Wednesday, September 16, 2009

And Let's Deny Orphans, While We're At It...

As all Serious Adults know, reform must happen in small increments and include everybody--EVEN PEOPLE YOU MIGHT NOT AGREE WITH. This is called being a moderate, or centrist, a label that is valued in Washington, DC even more than air itself. It shows your colleagues that you don't actually believe in anything, which is to be avoided at all costs, lest you be labeled an "ideologue." That's why health care reform must--SIMPLY MUST DON'T YOU UNDERSTAND--include health insurance companies.

But then there's also this. According to insurance companies, getting beaten by your husband counts as a pre-existing condition. Yeah.
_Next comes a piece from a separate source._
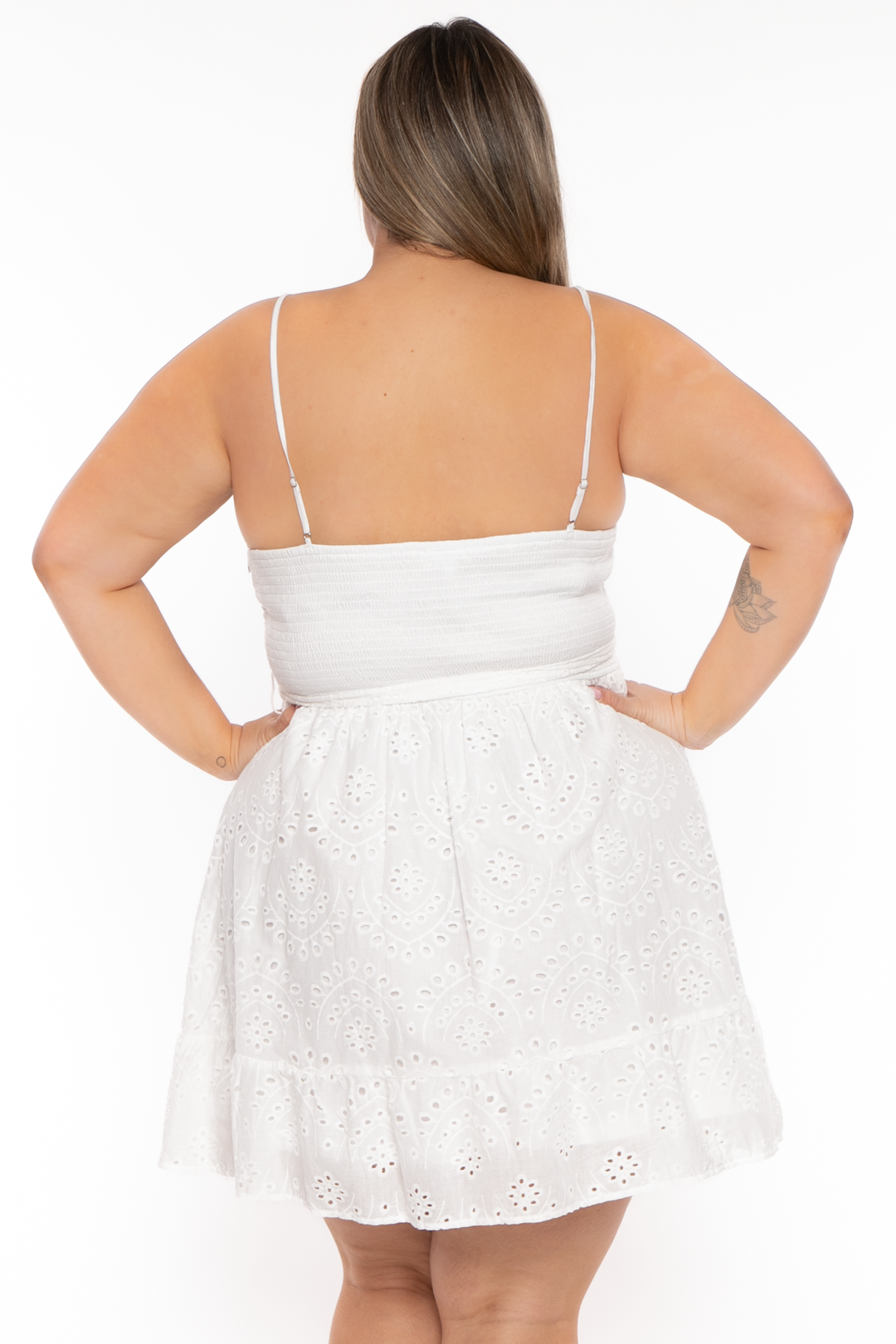 SHOPIN LA Dresses Plus Size Eyelet Lace Mini Dress - White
HuffingtonPost is reporting:

It turns out that in eight states, plus the District of Columbia, getting beaten up by your spouse is a pre-existing condition.

Under the cold logic of the insurance industry, it makes perfect sense: If you are in a marriage with someone who has beaten you in the past, you're more likely to get beaten again than the average person and are therefore more expensive to insure.
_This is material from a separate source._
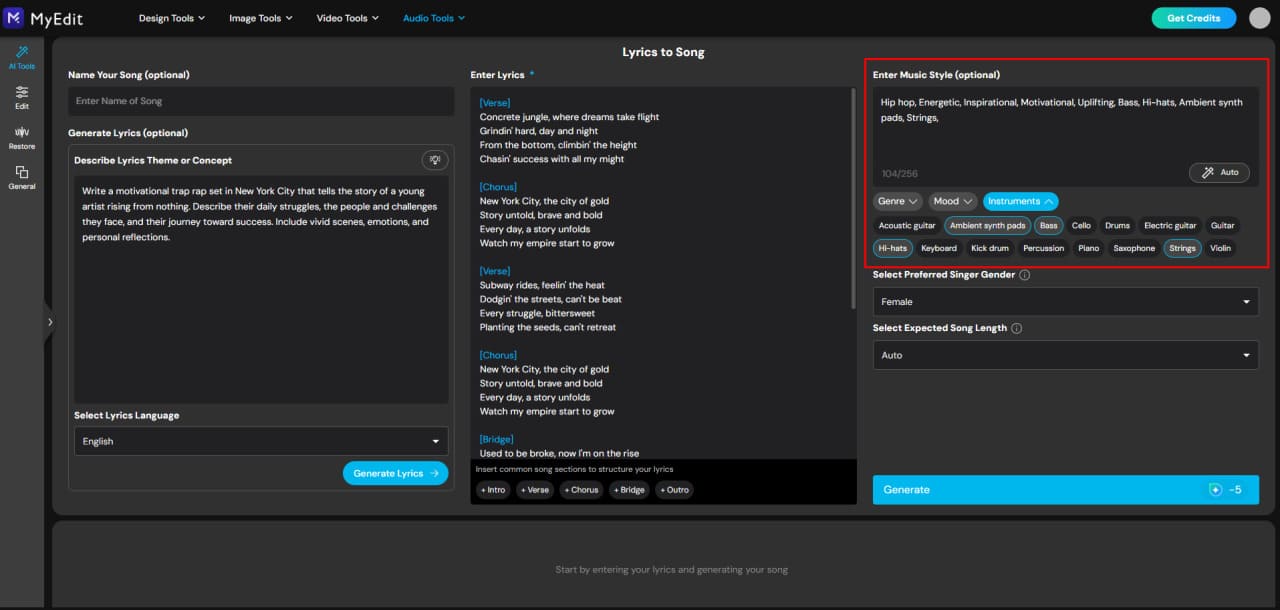 Select rap style and instruments with AI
I can't imagine a more perfectly distilled illustration of the brutal logic of capitalism. A company that exists to make money by denying care to sick people (and make no mistake, that is exactly what a health insurance company is), extends an already corrupt and revolting practice--denying care due to "pre-existing conditions"--to include people who aren't sick, but are victims of abuse.
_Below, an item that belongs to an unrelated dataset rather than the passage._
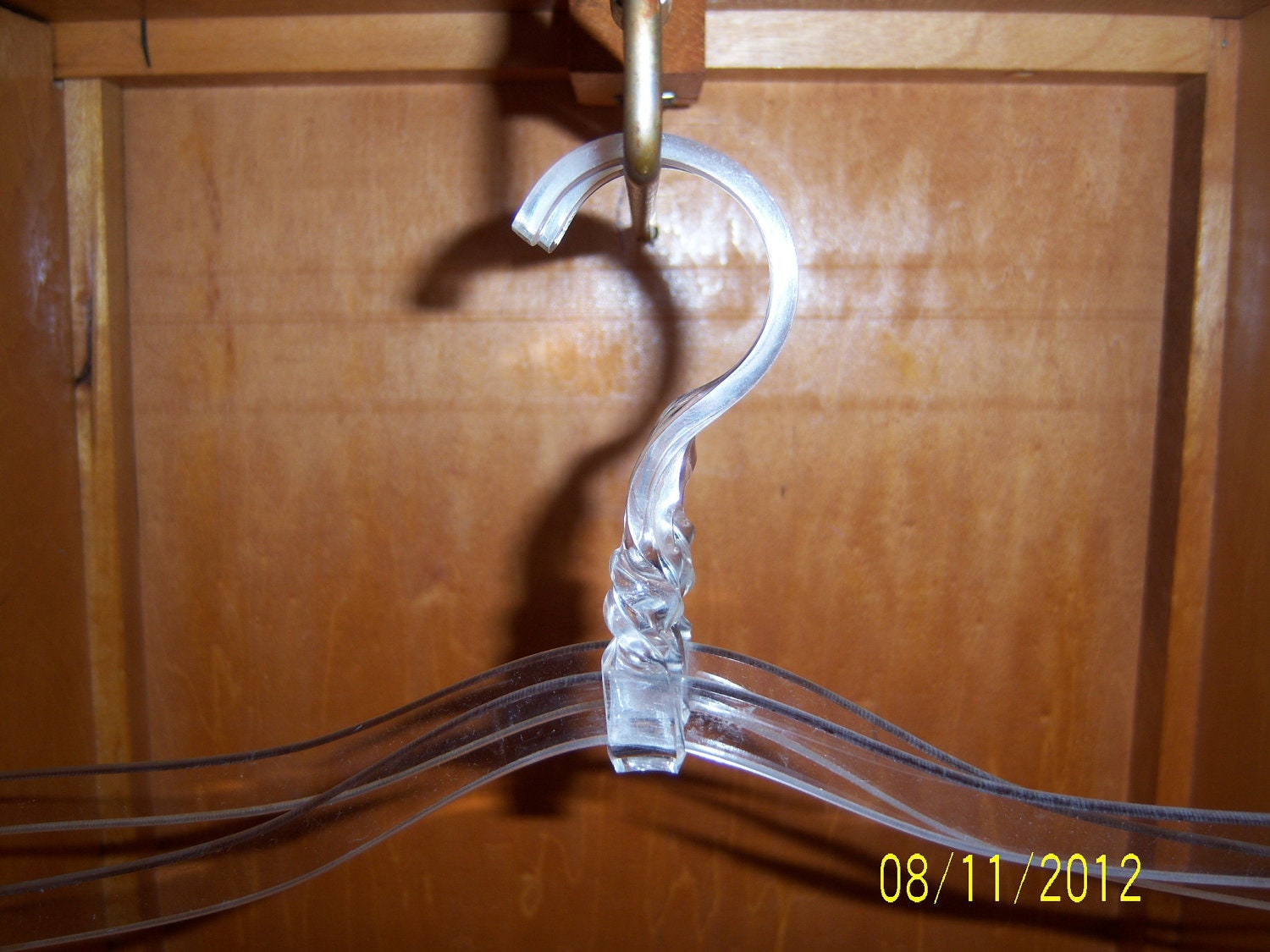 Hollywood Regency Mid Century Clear Lucite Acrylic Dress Garment Hangers - Set of 2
And, according to Huffpo, this practice has been happening since at least the early 90s, when insurance companies promised to end this practice during Clinton's push for reform. Surprise, surprise, that didn't happen, because, oh, I don't know, maybe because ANYONE EVIL ENOUGH TO DENY COVERAGE TO A VICTIM OF DOMESTIC ABUSE MIGHT DO ANYTHING TO MAKE A BUCK, INCLUDING LYING ABOUT ENDING THAT PRACTICE BUT THEN CONTINUING TO DO IT. That's just one theory, though, there might be others.

To give credit where it's due, in 2006 Senate Democrats tried to outlaw the practice, but the Republicans stymied the measure.

Let's invite everyone to the Big Table for Reform! Sigh.